We knew the gin category was quite stuffy, English and very traditional and being in our early 30s there wasn’t really anything that spoke to who we were as gin drinkers. So we started on our gin journey: who makes the best gin? What’s on the market at the moment? Talking to distillers and bartenders and really just diving into the whole process and then doing a lot of work on brand positioning and market. We spent about 2-3 years working on the product that we launched in February 2014 and we’ve been running ever since.
What was the thing that pushed you to finally launch the gin?
Well, I guess it was realising we actually had something good for a liquid perspective. We basically had to test that in front of a lot of bartenders, experts in the industry and distributors, from that we realised the spirit was actually really good. We moved on to the brand positioning more where we really wanted the brand to be positioned and we found a really nice sweet spot, as well as a combination of working on the brand, packaging design and all that kind of stuff as well.
So yeah, we were really happy with the product that we had and people were saying the same thing. Not just friends and family that had to say ‘this is great’ but actually putting it in front of an audience full of experts who were saying it’s good too – then you know you’ve got to give it a crack.
How long did it take before you were the top-selling premium gin in New Zealand?

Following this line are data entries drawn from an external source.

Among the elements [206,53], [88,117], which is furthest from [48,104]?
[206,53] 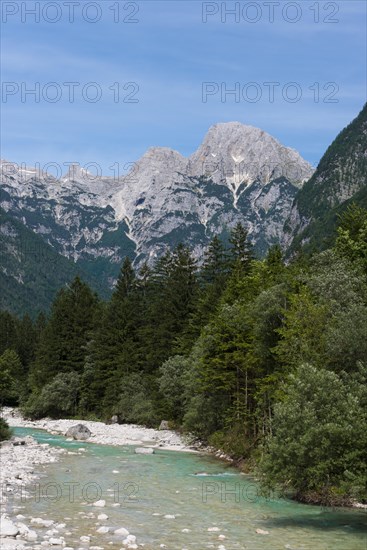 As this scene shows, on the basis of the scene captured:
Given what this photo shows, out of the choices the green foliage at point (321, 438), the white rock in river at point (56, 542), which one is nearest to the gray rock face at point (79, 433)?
the green foliage at point (321, 438)

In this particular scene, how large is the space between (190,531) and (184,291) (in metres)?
57.7

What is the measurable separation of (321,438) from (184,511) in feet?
25.3

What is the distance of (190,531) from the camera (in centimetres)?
2553

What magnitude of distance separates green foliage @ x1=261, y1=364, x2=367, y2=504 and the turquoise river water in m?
1.80

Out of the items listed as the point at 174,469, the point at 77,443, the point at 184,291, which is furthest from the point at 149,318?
the point at 174,469

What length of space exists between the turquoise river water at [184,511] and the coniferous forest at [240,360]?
161cm

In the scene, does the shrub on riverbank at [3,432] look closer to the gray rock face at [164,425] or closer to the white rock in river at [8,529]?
the gray rock face at [164,425]

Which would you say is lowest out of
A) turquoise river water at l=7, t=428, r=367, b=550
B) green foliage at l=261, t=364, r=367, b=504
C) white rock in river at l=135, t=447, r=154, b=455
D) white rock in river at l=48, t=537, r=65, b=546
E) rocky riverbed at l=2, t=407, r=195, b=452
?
rocky riverbed at l=2, t=407, r=195, b=452

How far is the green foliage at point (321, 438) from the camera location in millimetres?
25391

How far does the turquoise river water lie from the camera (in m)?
24.3

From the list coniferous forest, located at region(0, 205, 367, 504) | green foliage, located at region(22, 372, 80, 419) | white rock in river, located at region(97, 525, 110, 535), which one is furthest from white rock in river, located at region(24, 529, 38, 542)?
green foliage, located at region(22, 372, 80, 419)

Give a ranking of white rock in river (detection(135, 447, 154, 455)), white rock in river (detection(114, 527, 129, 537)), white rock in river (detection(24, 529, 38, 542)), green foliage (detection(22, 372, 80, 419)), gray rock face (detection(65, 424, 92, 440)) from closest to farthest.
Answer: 1. white rock in river (detection(24, 529, 38, 542))
2. white rock in river (detection(114, 527, 129, 537))
3. white rock in river (detection(135, 447, 154, 455))
4. gray rock face (detection(65, 424, 92, 440))
5. green foliage (detection(22, 372, 80, 419))

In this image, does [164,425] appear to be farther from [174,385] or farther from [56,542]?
[56,542]

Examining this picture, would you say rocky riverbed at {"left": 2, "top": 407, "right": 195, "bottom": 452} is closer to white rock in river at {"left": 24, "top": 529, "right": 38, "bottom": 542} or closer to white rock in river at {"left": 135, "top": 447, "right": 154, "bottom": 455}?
white rock in river at {"left": 135, "top": 447, "right": 154, "bottom": 455} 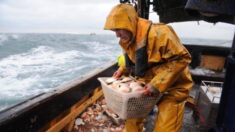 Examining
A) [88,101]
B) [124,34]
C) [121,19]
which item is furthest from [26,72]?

It was a number of years before we really cracked that. We started off from day one and it was myself and Mark slinging cases out of a small office in Grey Lynn; it was just the two of us. Mark would maybe look after sales and I would look after the commercial side of things and we were basically shoving cases out the office door. We built around 100 odd bars as customers and maybe 30 to40 retailers, and after about six months we got our first distributor online which was Hancocks Wine Beer and Spirits Merchants. They basically took us from a small distribution base to a really large distribution base throughout the country. We ranged in a lot of the best bars and restaurants and hotels and pretty much most liquor stores, and that allowed us to take a step back and work on the brand.